WHAT YOU ARE ASKED TO DO
Repeat exactly the line that contains "Mulher tranca uma" and every line below it to the end of the material, omitting all others.

TASK DATA
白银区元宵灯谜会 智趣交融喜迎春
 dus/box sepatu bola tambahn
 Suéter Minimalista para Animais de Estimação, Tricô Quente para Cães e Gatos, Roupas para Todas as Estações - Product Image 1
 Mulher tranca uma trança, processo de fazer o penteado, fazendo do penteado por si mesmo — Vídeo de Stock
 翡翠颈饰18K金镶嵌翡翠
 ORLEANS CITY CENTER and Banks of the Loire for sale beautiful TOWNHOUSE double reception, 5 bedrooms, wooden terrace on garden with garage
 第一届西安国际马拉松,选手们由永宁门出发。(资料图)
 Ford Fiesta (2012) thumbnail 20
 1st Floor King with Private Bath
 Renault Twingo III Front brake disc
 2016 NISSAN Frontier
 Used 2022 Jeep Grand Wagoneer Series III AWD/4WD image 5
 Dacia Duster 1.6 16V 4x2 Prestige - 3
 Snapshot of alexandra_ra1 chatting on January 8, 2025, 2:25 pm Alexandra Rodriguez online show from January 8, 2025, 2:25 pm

THE COMPLETED TASK
 Mulher tranca uma trança, processo de fazer o penteado, fazendo do penteado por si mesmo — Vídeo de Stock
 翡翠颈饰18K金镶嵌翡翠
 ORLEANS CITY CENTER and Banks of the Loire for sale beautiful TOWNHOUSE double reception, 5 bedrooms, wooden terrace on garden with garage
 第一届西安国际马拉松,选手们由永宁门出发。(资料图)
 Ford Fiesta (2012) thumbnail 20
 1st Floor King with Private Bath
 Renault Twingo III Front brake disc
 2016 NISSAN Frontier
 Used 2022 Jeep Grand Wagoneer Series III AWD/4WD image 5
 Dacia Duster 1.6 16V 4x2 Prestige - 3
 Snapshot of alexandra_ra1 chatting on January 8, 2025, 2:25 pm Alexandra Rodriguez online show from January 8, 2025, 2:25 pm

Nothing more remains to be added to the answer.